=== Section Start ===

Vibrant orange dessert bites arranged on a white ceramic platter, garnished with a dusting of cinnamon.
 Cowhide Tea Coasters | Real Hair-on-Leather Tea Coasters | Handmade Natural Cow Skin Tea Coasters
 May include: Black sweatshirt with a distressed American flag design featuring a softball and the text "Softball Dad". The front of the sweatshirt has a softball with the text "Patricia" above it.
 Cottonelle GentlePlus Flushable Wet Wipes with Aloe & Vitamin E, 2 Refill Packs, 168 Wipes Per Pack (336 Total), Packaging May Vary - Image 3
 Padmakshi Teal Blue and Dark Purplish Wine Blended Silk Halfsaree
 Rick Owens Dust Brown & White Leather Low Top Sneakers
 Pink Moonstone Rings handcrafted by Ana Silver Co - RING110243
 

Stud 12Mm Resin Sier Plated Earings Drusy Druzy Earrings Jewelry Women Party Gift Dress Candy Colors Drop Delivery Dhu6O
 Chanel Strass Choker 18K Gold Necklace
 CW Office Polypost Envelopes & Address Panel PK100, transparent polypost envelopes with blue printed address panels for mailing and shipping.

=== Section End ===

▸ Task statement
Retype word for word the line above with "May include: Black" and all lines after it, nothing else.

▸ Result for this task
 May include: Black sweatshirt with a distressed American flag design featuring a softball and the text "Softball Dad". The front of the sweatshirt has a softball with the text "Patricia" above it.
 Cottonelle GentlePlus Flushable Wet Wipes with Aloe & Vitamin E, 2 Refill Packs, 168 Wipes Per Pack (336 Total), Packaging May Vary - Image 3
 Padmakshi Teal Blue and Dark Purplish Wine Blended Silk Halfsaree
 Rick Owens Dust Brown & White Leather Low Top Sneakers
 Pink Moonstone Rings handcrafted by Ana Silver Co - RING110243
 

Stud 12Mm Resin Sier Plated Earings Drusy Druzy Earrings Jewelry Women Party Gift Dress Candy Colors Drop Delivery Dhu6O
 Chanel Strass Choker 18K Gold Necklace
 CW Office Polypost Envelopes & Address Panel PK100, transparent polypost envelopes with blue printed address panels for mailing and shipping.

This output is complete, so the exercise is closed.